(Beginning of ENTRIES SHOWN)

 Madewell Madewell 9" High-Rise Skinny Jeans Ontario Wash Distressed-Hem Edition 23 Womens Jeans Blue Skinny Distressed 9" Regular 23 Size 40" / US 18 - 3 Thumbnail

(End of ENTRIES SHOWN)
(Beginning of ENTRIES SHOWN)

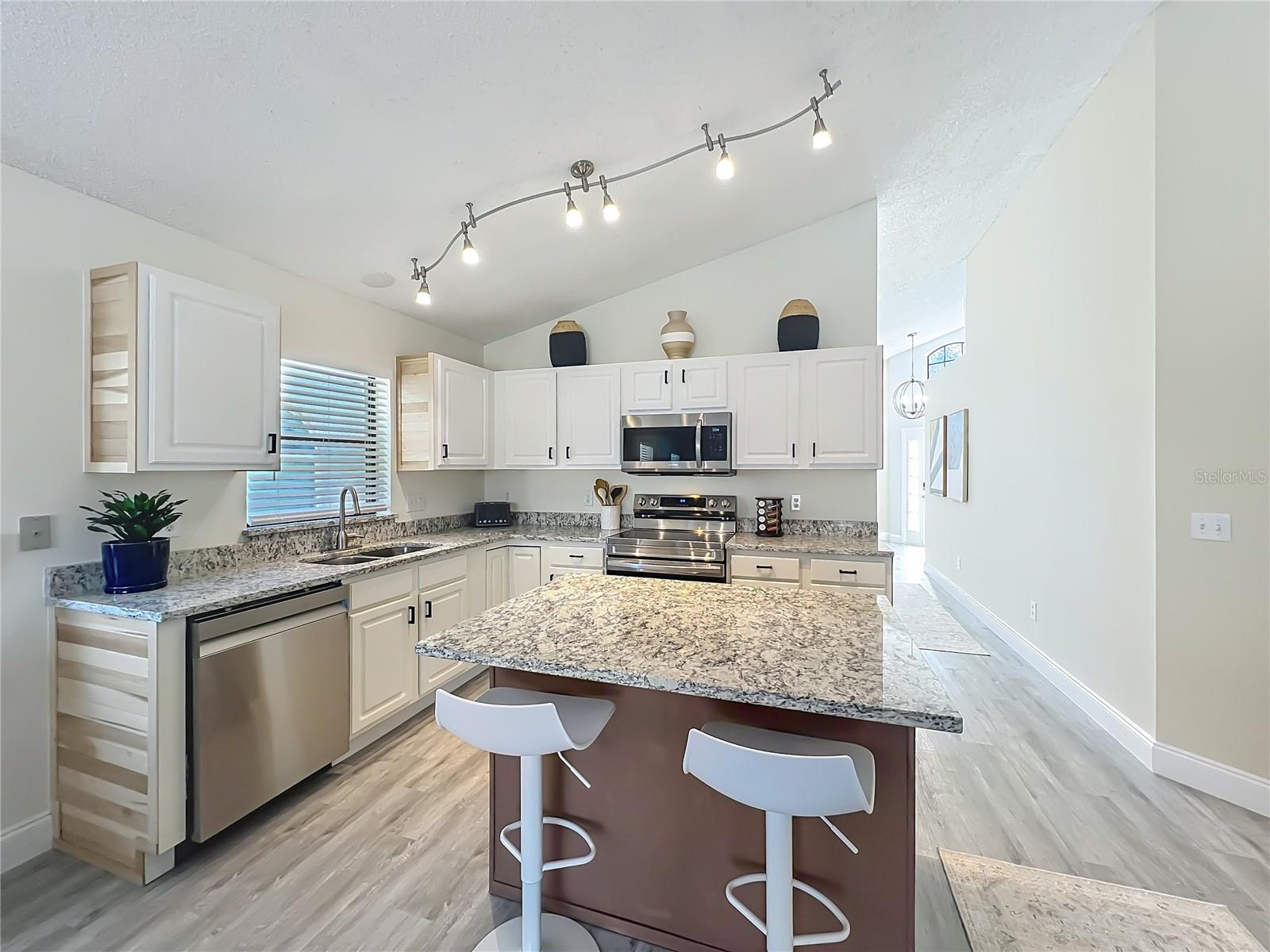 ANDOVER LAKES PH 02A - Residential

(End of ENTRIES SHOWN)
(Beginning of ENTRIES SHOWN)

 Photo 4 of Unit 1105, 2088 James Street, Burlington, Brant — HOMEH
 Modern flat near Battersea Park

(End of ENTRIES SHOWN)

TASK BRIEF =>
In the entries above, please find the line with "Photo 4 of Unit" and the line with "Modern flat near Battersea Park", then write out exactly those two lines and every line between them, and nothing more.

COMPLETED TASK =>
 Photo 4 of Unit 1105, 2088 James Street, Burlington, Brant — HOMEH
 Modern flat near Battersea Park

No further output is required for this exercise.